> **Your assignment**
Pictures do not belong in the copy. Output exactly the lines from the one containing "Naklejki WESOŁYCH ŚWIĄT na PREZENTY 10 sztuk" to the end of the listing below.

> **Given information**
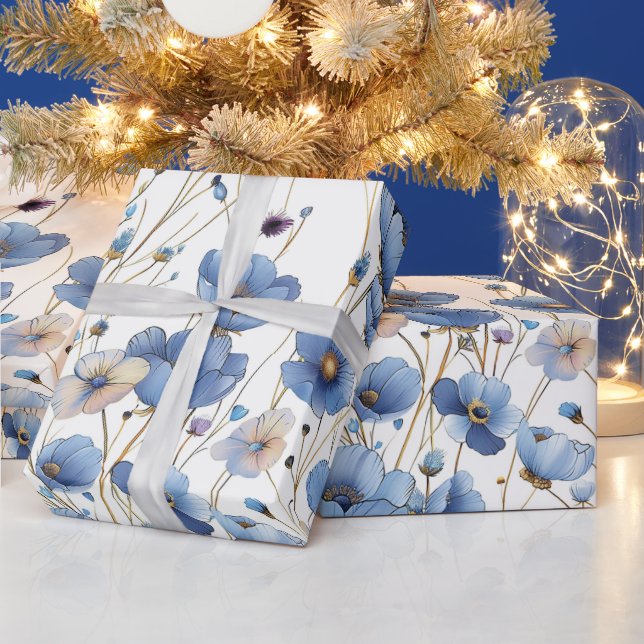 Beautiful small  blue wildflower wrapping paper (Holidays)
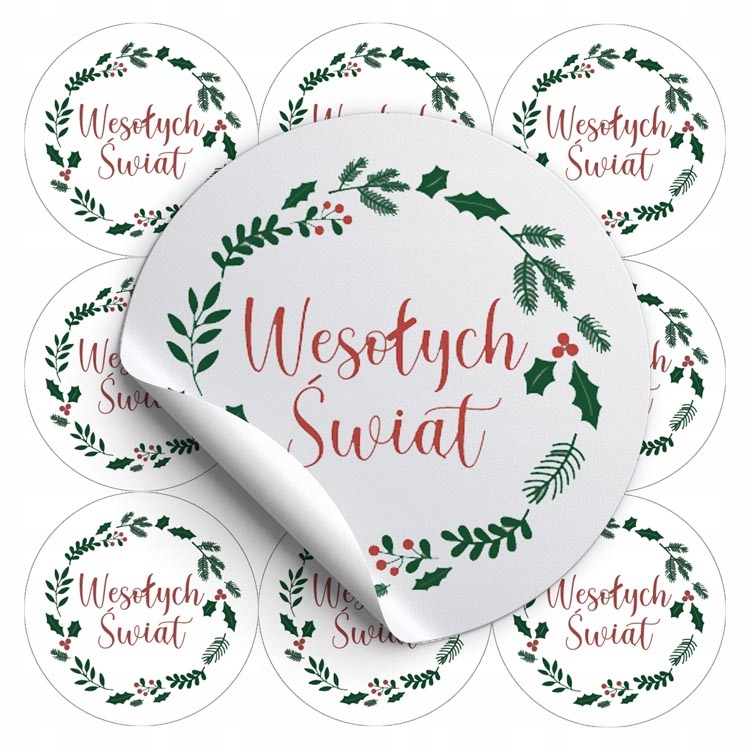 Naklejki WESOŁYCH ŚWIĄT na PREZENTY 10 sztuk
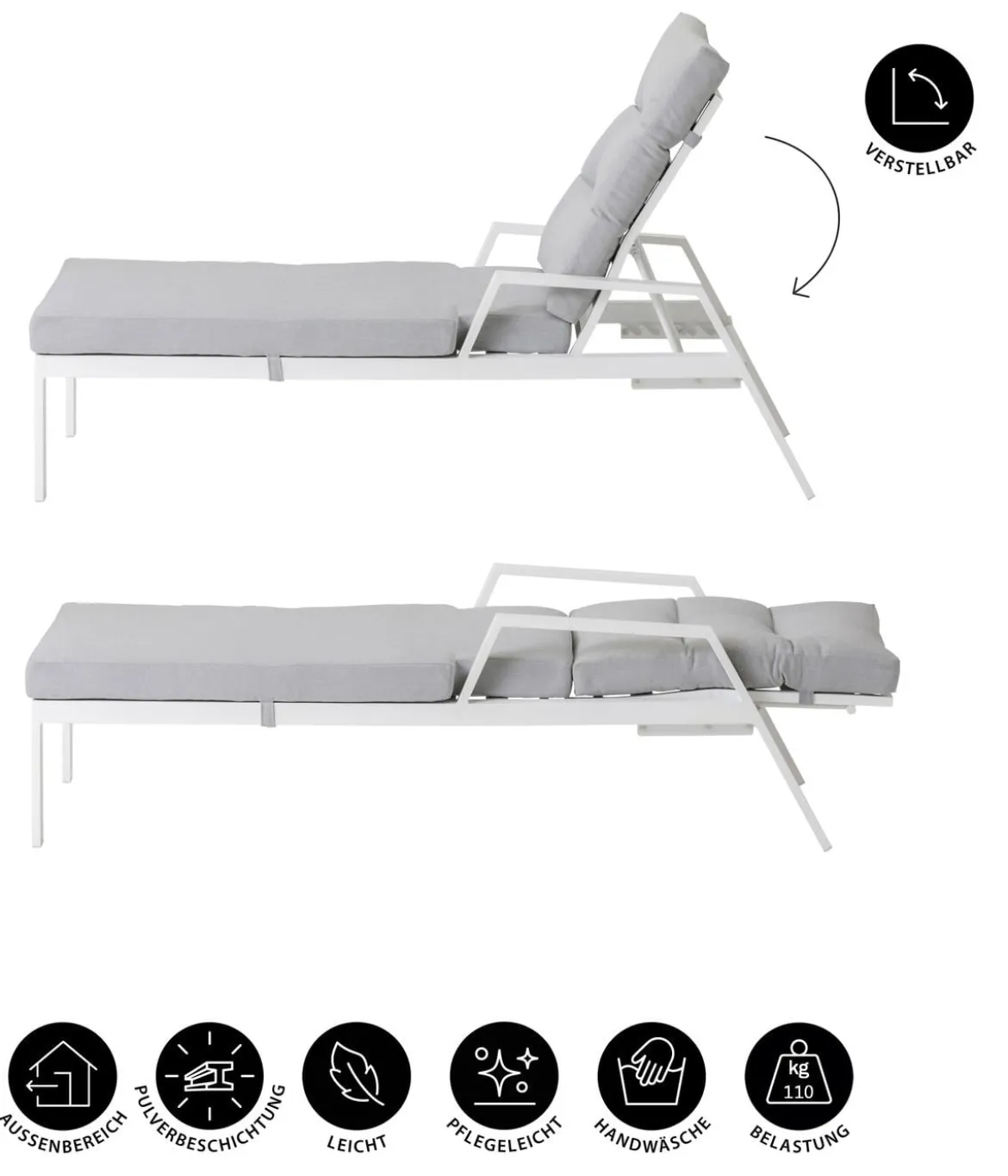 Dehner Relaxliege Formentera, ca. B66/H97/T188,5 cm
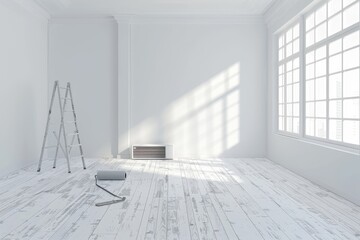 An empty white room with two ladders, a paint roller, and sunlight streaming through a window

> **Written solution**
 Naklejki WESOŁYCH ŚWIĄT na PREZENTY 10 sztuk
 Dehner Relaxliege Formentera, ca. B66/H97/T188,5 cm
 An empty white room with two ladders, a paint roller, and sunlight streaming through a window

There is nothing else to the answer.